Dennis Gabor (original Hungarian name: Gábor Dénes) CBE, FRS, (5 June 1900, Budapest – 9 February 1979, London) was a British-Hungarian[1] electrical engineer and inventor, most notable for inventing holography, for which he later received the 1971 Nobel Prize in Physics.

Biography

He was born as Gábor Dénes,[2] into a Jewish family in Budapest, Hungary.[3] He served with the Hungarian artillery in northern Italy during World War I.[3] He studied at the Technical University of Budapest from 1918, later in Germany, at the Charlottenburg Technical University in Berlin, now known as the Technical University of Berlin.[2] At the start of his career, he analyzed the properties of high voltage electric transmission lines by using cathode-beam oscillographs, which led to his interest in electron optics.[2] Studying the fundamental processes of the oscillograph, Gabor was led to other electron-beam devices such as electron microscopes and TV tubes. He eventually wrote his Ph.D. thesis concerning the cathode ray tube in 1927, and worked on plasma lamps.[2]

As a Jew, Gabor fled from Nazi Germany in 1933, and was invited to Britain to work at the development department of the British Thomson-Houston company in Rugby, Warwickshire. During his time in Rugby, he met Marjorie Butler, and they married in 1936. He became a British citizen in 1946,[4] and it was while working at British Thomson-Houston that he invented holography, in 1947.[5]

He experimented with a heavily filtered mercury arc light source. [2] However, the earliest hologram was only realized in 1964 following the 1960 invention of the laser, the first coherent light source. After this, holography became commercially available.

Gabor's research focused on electron inputs and outputs, which led him to the invention of re-holography.[2] The basic idea was that for perfect optical imaging, the total of all the information has to be used; not only the amplitude, as in usual optical imaging, but also the phase. In this manner a complete holo-spatial picture can be obtained.[2] Gabor published his theories of re-holography in a series of papers between 1946 and 1951.[2]

Gabor also researched how human beings communicate and hear; the result of his investigations was the theory of granular synthesis, although Greek composer Iannis Xenakis claimed that he was actually the first inventor of this synthesis technique.[6]

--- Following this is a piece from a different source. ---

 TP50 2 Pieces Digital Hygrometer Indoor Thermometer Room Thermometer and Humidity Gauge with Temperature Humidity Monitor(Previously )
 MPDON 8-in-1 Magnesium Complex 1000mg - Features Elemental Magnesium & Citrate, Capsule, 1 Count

In 1948 Gabor moved from Rugby to Imperial College London, and in 1958 became professor of Applied Physics until his retirement in 1967. While spending much of his retirement in Italy, he remained connected with Imperial College as a Senior Research Fellow and also became Staff Scientist of CBS Laboratories, in Stamford, Connecticut; there, he collaborated with his life-long friend, CBS Labs' president Dr. Peter C. Goldmark in many new schemes of communication and display. One of Imperial College's new halls of residence in Prince's Gardens, Knightsbridge is named Gabor Hall in honour of Gabor's contribution to Imperial College. He developed an interest in social analysis and published The Mature Society: a view of the future in 1972.

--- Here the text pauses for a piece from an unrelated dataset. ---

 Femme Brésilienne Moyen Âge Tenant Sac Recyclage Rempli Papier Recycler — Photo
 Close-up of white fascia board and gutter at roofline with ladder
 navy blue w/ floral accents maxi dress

Following the rapid development of lasers and a wide variety of holographic applications (e.g. art, information storage, recognition of patterns), Gabor achieved acknowledged success and worldwide attention during his lifetime.[2] He received numerous awards beside the Nobel Prize.

Awards

Awards named after Dennis Gabor

The International Society for Optical Engineering (SPIE) presents its Dennis Gabor Award annually, "in recognition of outstanding accomplishments in diffractive wavefront technologies, especially those which further the development of holography and metrology applications." [7]

The NOVOFER Foundation of the Hungarian Academy of Sciences annually presents its International Dennis Gabor Award, for young scientists researching in the fields of physics and applied technology.

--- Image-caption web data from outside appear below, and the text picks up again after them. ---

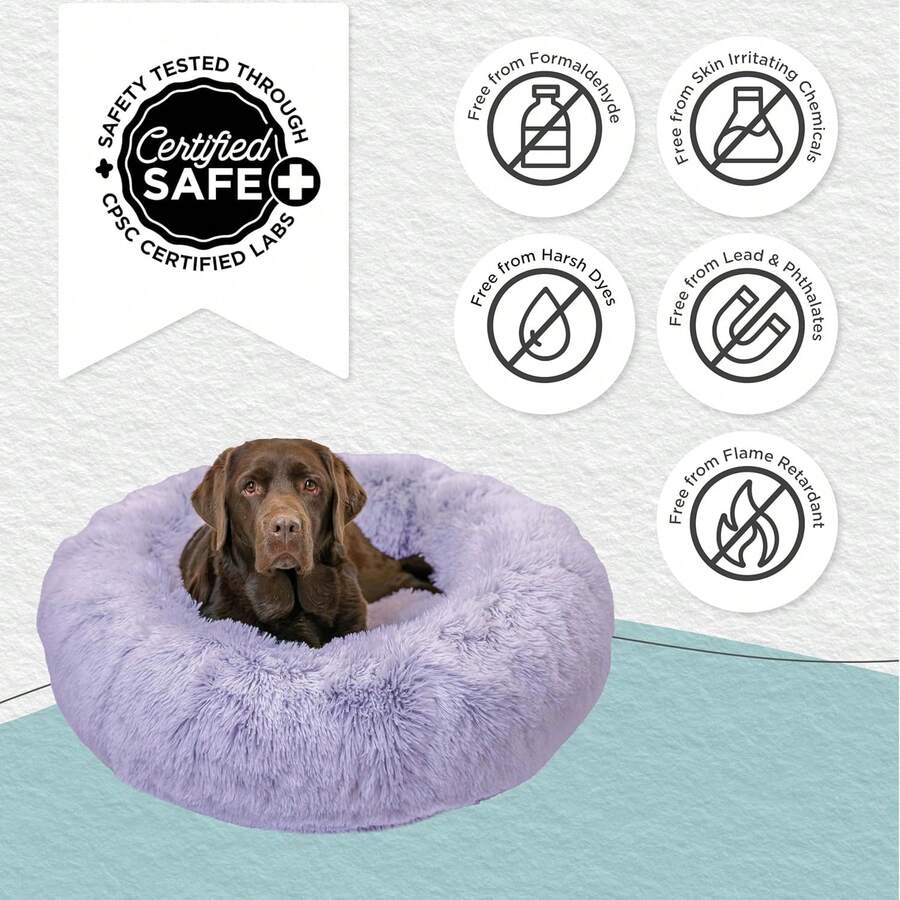 Best Friends By Sheri Original Calming Donut Dog And Cat Bed, Shag Faux Fur, Lavender, (36in X 36in) - Anxiety Relief For Pets Up To 100 Lbs - Baby Blue Shag - View 1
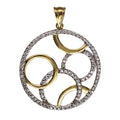 9ct Yellow Gold Circle On Circle Cubic Zirconia Set Pendant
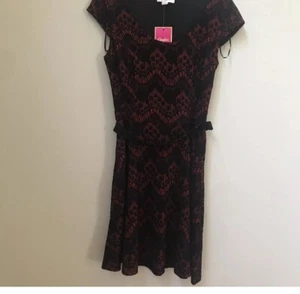 Candies Juniors NWT Black & Red Lace stretch knit dress small Witchy Goth Y2K - Picture 1 of 6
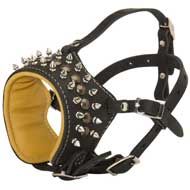 M61 - PRICE LEVEL 2 - Spiked Leather Canine Muzzle for No Bark Training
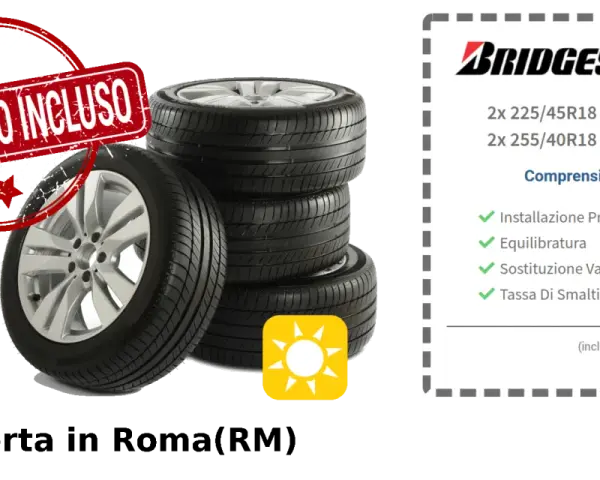 Offerta pneumatici Bridgestone con montaggio incluso. Le gomme presentano un leggero consumo ai lati, ma sono perfette per la tua auto.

The Gabor Medal is awarded by the Royal Society of London for "acknowledged distinction of interdisciplinary work between the life sciences with other disciplines".[8]

See also

Bibliography

Social analysis
  • Inventing the Future (Secker & Warburg, 1963)
"The future cannot be predicted, but futures can be invented. It was man's ability to invent which has made human society what it is." (Pelican Books, 1964, p. 161)
  • Innovations: Scientific, Technological, and Social (1970)
  • The Mature Society. A View of the Future (1972)
  • Beyond the Age of Waste: A Report to the Club of Rome (Pergamon international library of science, technology, engineering and social studies, paperback, 1978)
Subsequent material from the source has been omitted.